=== THE PROBLEM ===
Repeat exactly, and nothing more, the lines from the one that includes "Vinculaciones societarias de" through the final line of the entries; skip the pictures.
[Start of section]
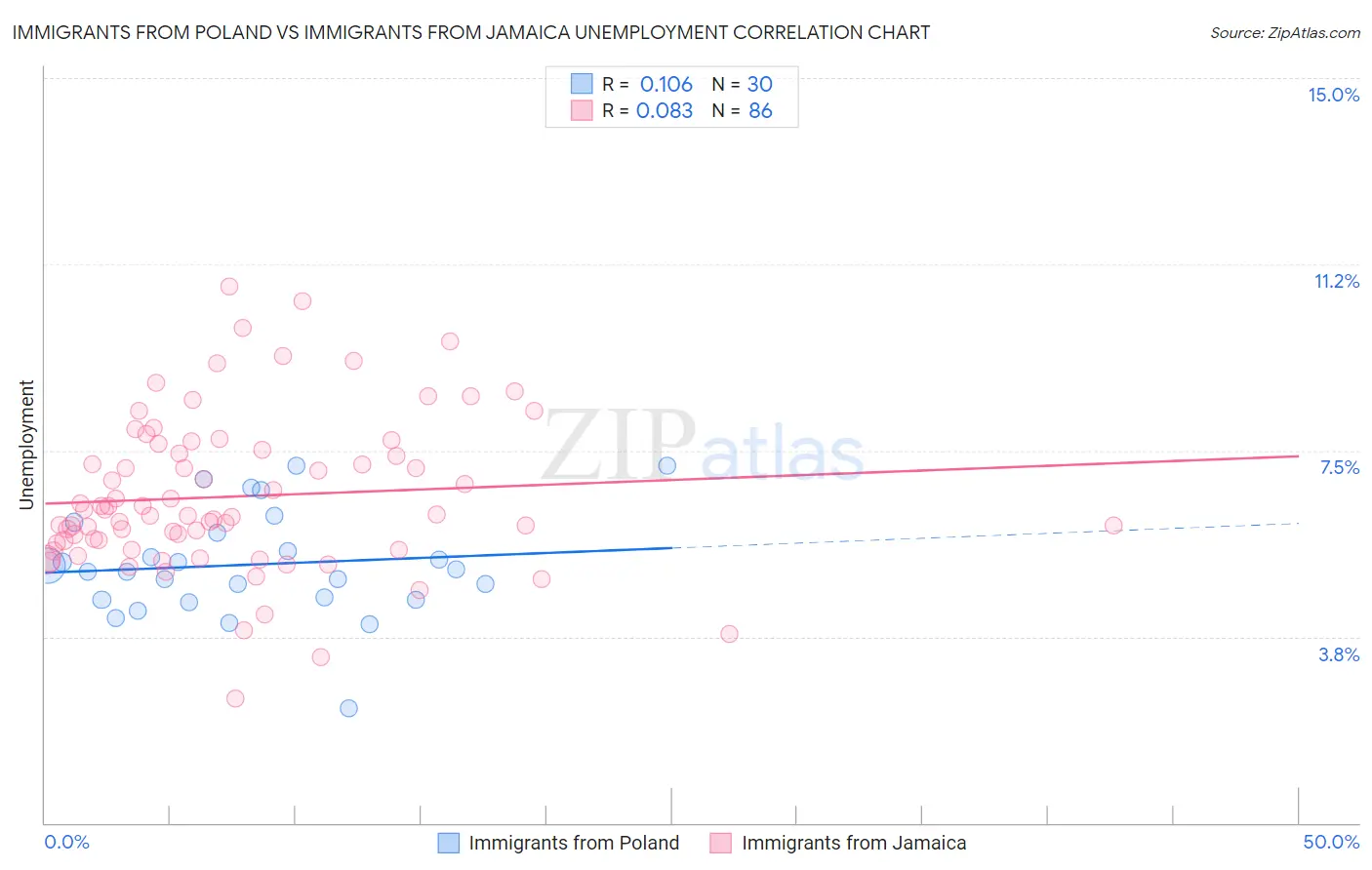 Immigrants from Poland vs Immigrants from Jamaica Unemployment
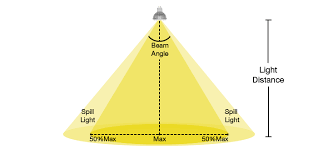 根据光束角计算 LED 间距以实现均匀照明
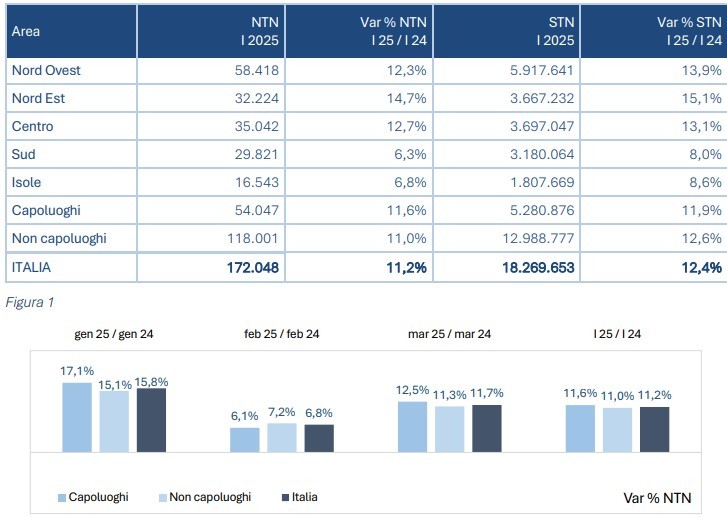 Compravendite residenziali 2025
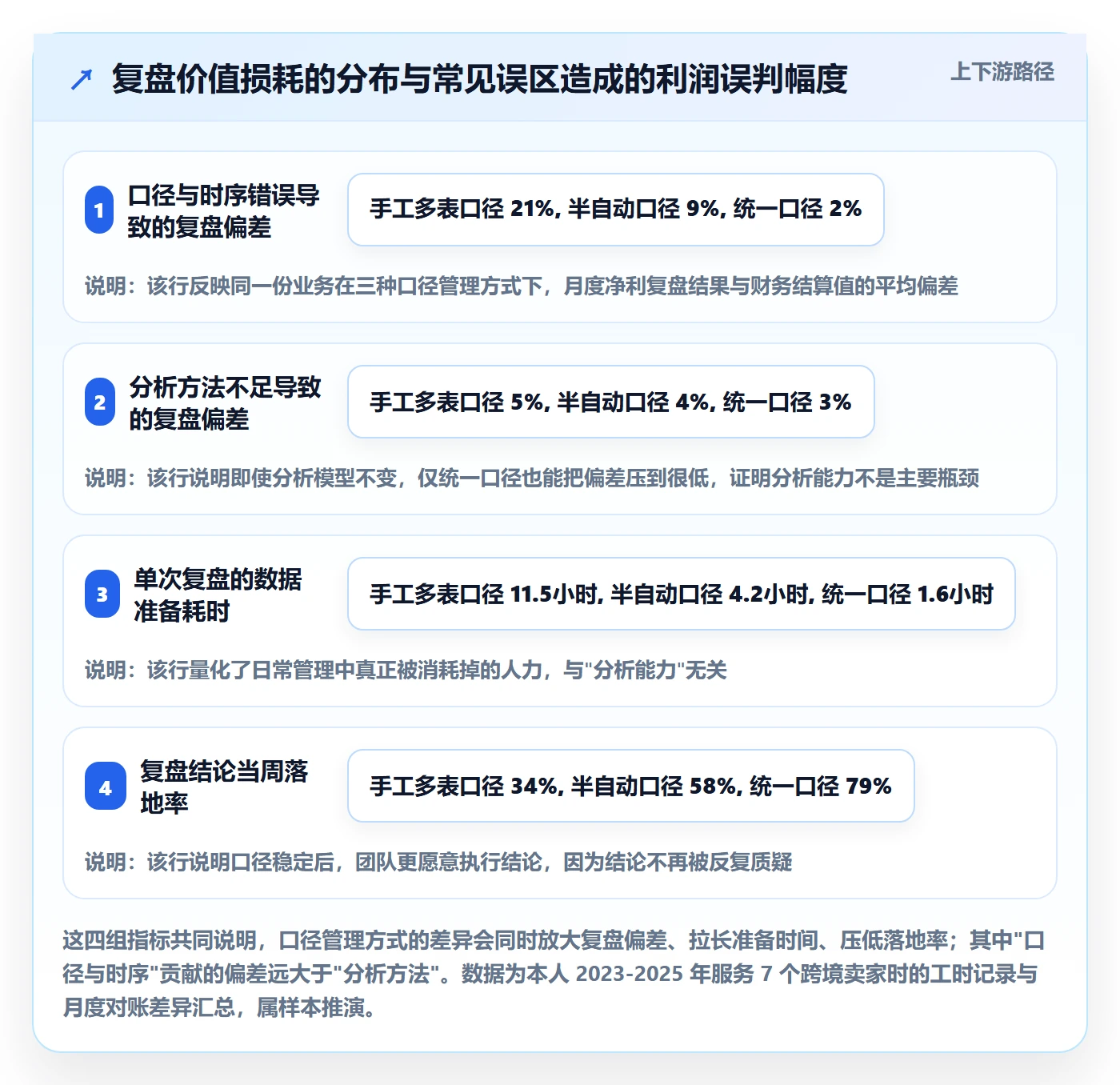 跨境电商运营避坑指南：数据复盘环节的日常管理要注意什么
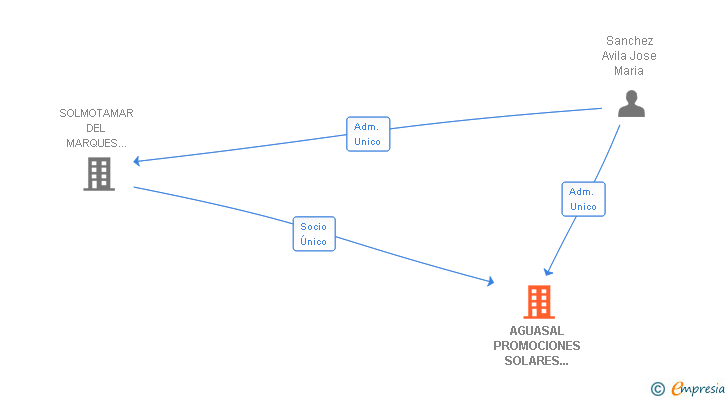 Vinculaciones societarias de AGUASAL PROMOCIONES SOLARES PLANTA 7 SL
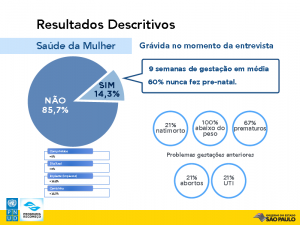 Resultados descritivos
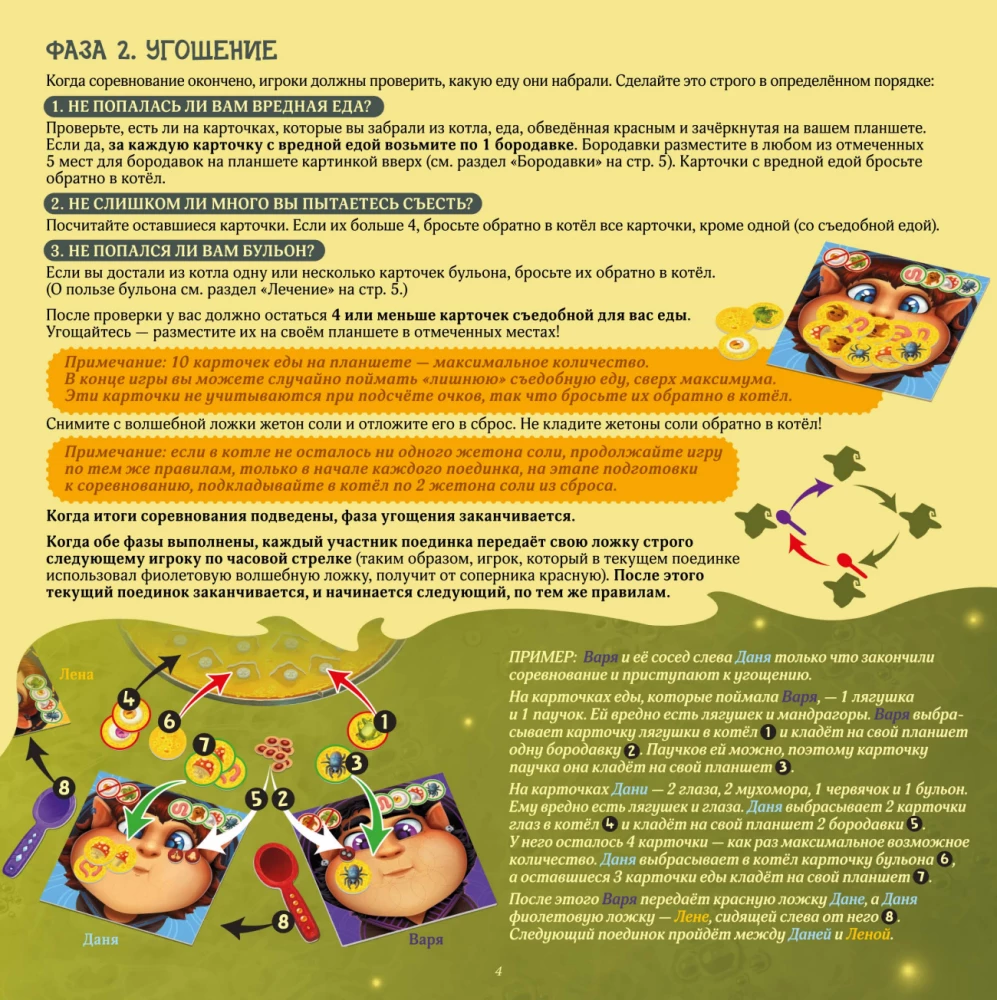 Board Game - Hungry Witches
[End of section]
=== RESULT BELOW ===
 Vinculaciones societarias de AGUASAL PROMOCIONES SOLARES PLANTA 7 SL
 Resultados descritivos
 Board Game - Hungry Witches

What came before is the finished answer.